Ontem mesmo publiquei um artigo sobre a Holanda, mas este holandês esteve em São Paulo no final de 2010 e montou um boneco diferente no Parque Mario Covas da Paulista.

Para Florentijn Hofman, intervenção urbana representa a flexibilidade dos paulistanos
Em sua segunda visita à cidade de São Paulo, o artista plástico holandês Florentijn Hofman, conhecido por suas intervenções urbanas ao redor do mundo, descreveu a capital como “uma fera que ruge, impossível de ser domada”. Em entrevista ao R7, ele disse que a movimentação da cidade, a grande oferta de coisas para se fazer e a falta de tempo da população o inspiraram em sua última obra: o Macaco Gordo.

Quem passou pelo parque Mário Covas, na avenida Paulista, no final de semana dos dias 16 e 17 de outubro, se deparou com um enorme macaco deitado na grama. A posição do animal e a mistura de cores alegres davam o tom divertido do projeto.
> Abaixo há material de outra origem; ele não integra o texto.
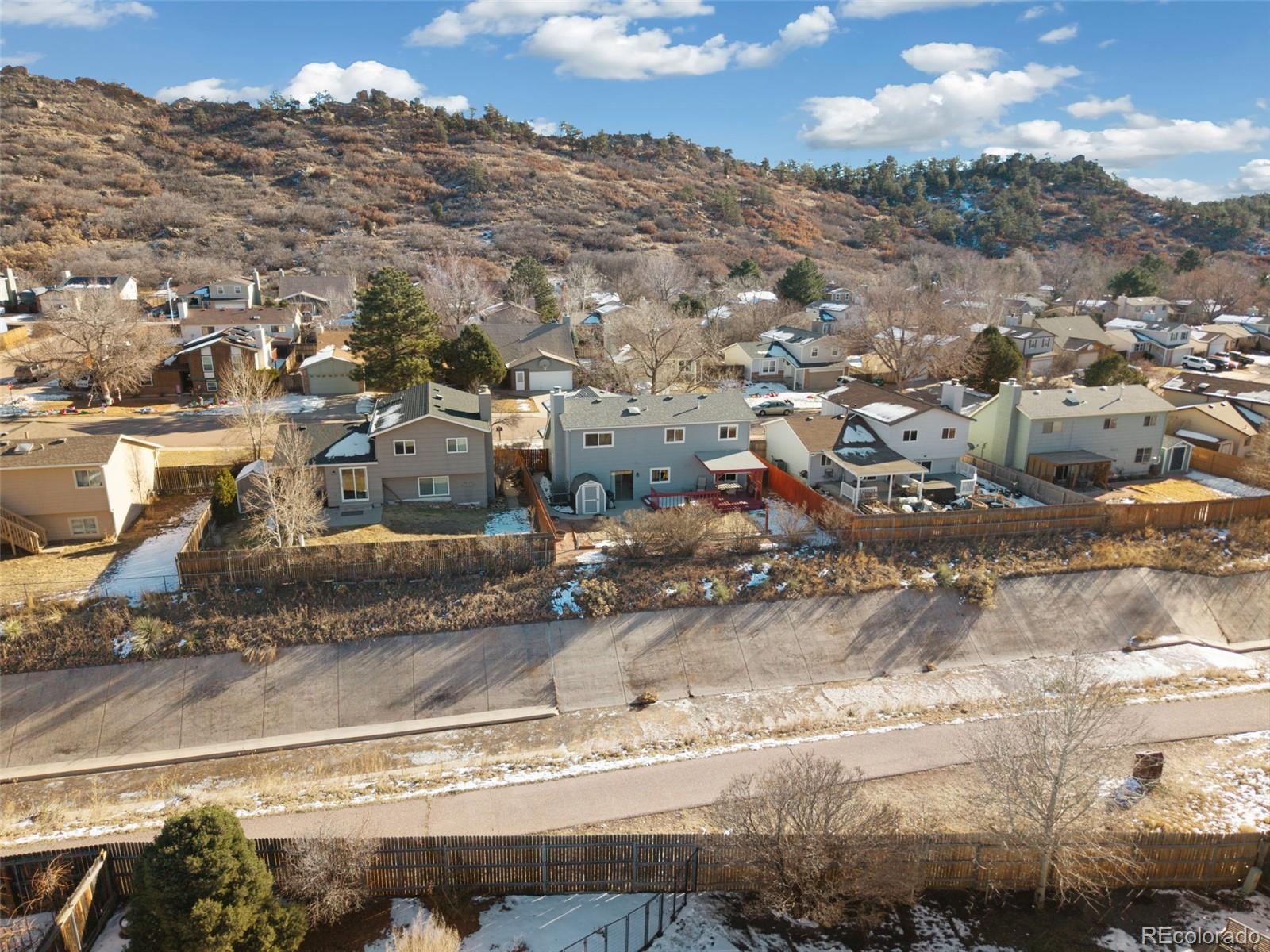 MLS Image #27 for 5870  pemberton way,colorado springs, Colorado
A arte foi feita a partir de um boneco inflável e milhares de chinelos, cuja marca patrocinou a visita do artista no país.

De acordo com Hofman, o macaco não é apenas uma forma de divertir os moradores de São Paulo. A ideia, segundo ele, é proporcionar uma reflexão sobre a flexibilidade que a população precisa ter para viver em uma grande cidade, como a capital paulista. O artista diz que a capacidade de mudar é requisito fundamental para quem vive em São Paulo.
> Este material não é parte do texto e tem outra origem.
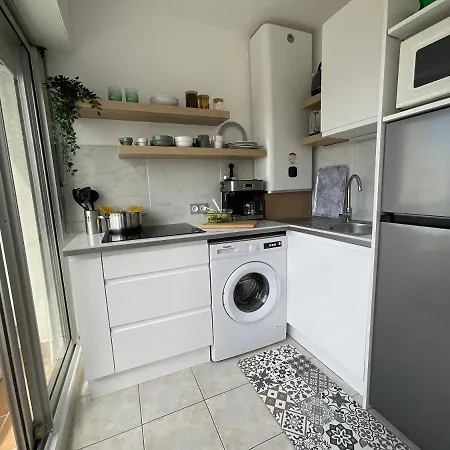 Διαμέρισμα Le Vue Acces Direct A La Parking Prive Clim Belle Terrasse Le Grau-du-Roi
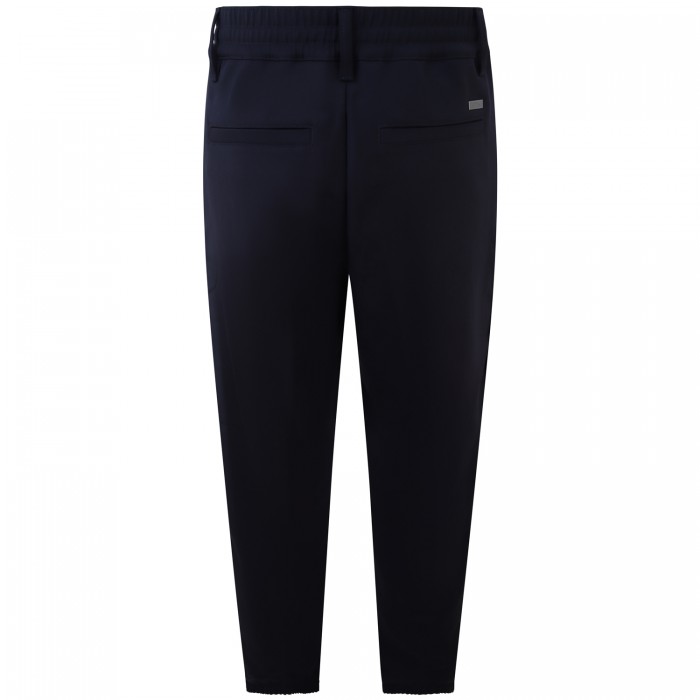 Pantalone  blu   per uomo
O holandês defende que, atualmente, a arte urbana tem o papel de interagir com as pessoas. Leia a seguir a entrevista com o artista:

R7 – Qual é a sua impressão sobre a cidade de São Paulo?
Hofman –
Foi ótimo estar aqui novamente! A cidade ruge como uma fera, uma fera que você não pode domar. Tantas pessoas, tantas coisas para ser feitas e tão pouco tempo.
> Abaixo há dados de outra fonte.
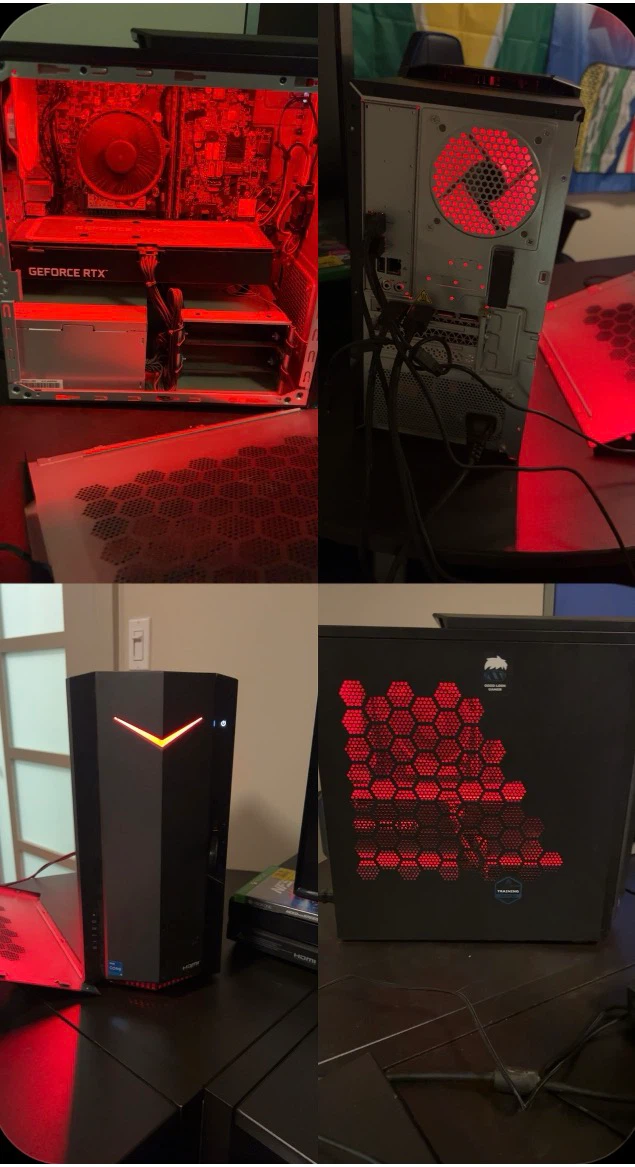 Desktop Setup - photo 3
R7 – Como você encara a arte urbana?
Hofman –
Relaciono arte urbana às pessoas. Trabalho com esculturas em grandes formatos, que em um primeiro momento são fáceis de entender. Entretanto, depois, você percebe que [a obra] tem muitas camadas, materiais comuns transformados em grandes trabalhos.

R7 – Qual foi sua intenção ao criar a intervenção urbana em São Paulo?
Hofman –
Eu queria dar um aviso sobre o perigo das “feras”, usando sandálias brasileiras como pele. Também foi um teste para ver se eu poderia trabalhar com uma estrutura inflável, coberta com uma pele feita de sandálias.

R7 – Como você acha que essa obra dialogou com a cidade?
Hofman –
O macaco refere-se à flexibilidade que você precisa ter na vida urbana: mudar, subir, pular, cair, pegar… Essas são as habilidades que você precisa ter em uma cidade como São Paulo, ou melhor, em todo o Brasil e no mundo. O macaco é o palhaço dos animais e, dessa forma, esse piadista fica no parque… Ele está relaxado depois de cair. Com essas questões, gosto de provocar o público.

R7 – Qual é a transformação que a arte urbana provoca atualmente?
Hofman –
Eu só posso falar por mim. Eu acho que é e sempre será o contato com os habitantes. As conexões sociais fazem as pessoas orgulhosas de suas cidades.